(Dataset items)
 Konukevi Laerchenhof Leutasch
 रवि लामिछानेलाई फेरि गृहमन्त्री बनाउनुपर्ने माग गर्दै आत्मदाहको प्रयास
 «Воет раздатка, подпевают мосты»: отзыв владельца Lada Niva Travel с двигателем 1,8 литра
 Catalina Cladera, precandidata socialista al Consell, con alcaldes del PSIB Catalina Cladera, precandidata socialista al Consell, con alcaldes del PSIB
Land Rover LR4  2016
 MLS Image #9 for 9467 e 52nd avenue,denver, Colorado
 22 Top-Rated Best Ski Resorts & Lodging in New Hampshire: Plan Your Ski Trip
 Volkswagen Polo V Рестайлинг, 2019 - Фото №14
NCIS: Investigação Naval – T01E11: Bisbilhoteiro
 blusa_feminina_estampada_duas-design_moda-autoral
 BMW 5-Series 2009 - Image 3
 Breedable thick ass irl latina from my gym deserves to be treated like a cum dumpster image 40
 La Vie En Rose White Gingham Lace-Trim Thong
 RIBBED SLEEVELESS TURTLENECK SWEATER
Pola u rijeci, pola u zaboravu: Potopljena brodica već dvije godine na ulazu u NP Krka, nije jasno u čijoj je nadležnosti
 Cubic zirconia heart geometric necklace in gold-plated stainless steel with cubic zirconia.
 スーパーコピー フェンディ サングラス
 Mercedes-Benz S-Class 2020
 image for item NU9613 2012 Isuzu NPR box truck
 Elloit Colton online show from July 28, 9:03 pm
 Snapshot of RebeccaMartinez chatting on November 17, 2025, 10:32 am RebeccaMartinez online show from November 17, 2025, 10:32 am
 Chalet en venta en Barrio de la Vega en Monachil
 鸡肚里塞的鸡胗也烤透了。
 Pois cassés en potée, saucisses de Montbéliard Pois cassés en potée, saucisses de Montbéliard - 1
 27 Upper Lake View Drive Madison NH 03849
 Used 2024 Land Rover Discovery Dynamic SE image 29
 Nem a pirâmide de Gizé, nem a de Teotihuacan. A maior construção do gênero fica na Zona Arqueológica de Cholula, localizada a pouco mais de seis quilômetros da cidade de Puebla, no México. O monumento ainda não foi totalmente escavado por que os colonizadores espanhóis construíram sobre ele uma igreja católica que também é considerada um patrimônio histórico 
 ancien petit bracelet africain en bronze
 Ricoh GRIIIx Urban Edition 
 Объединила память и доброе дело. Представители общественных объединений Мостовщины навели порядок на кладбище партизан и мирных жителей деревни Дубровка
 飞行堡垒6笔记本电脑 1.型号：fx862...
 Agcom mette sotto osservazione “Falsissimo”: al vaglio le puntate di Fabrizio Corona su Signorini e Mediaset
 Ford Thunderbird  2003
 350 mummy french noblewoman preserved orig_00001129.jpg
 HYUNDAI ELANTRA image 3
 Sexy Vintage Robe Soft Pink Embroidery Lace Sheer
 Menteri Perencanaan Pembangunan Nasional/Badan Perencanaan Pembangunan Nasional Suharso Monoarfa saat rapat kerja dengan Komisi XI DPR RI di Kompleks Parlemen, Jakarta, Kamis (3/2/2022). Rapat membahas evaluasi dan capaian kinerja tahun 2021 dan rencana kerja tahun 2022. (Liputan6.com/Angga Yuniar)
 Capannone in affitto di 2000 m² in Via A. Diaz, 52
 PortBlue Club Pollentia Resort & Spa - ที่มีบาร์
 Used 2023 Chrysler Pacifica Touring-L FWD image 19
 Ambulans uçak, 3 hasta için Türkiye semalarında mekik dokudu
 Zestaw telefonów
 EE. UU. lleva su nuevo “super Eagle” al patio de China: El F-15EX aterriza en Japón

**How to complete this task:** Starting at the line above that contains "Chalet en venta", repeat each line exactly up to and including the line that contains "Used 2024 Land", and stop there.

**Result:**
 Chalet en venta en Barrio de la Vega en Monachil
 鸡肚里塞的鸡胗也烤透了。
 Pois cassés en potée, saucisses de Montbéliard Pois cassés en potée, saucisses de Montbéliard - 1
 27 Upper Lake View Drive Madison NH 03849
 Used 2024 Land Rover Discovery Dynamic SE image 29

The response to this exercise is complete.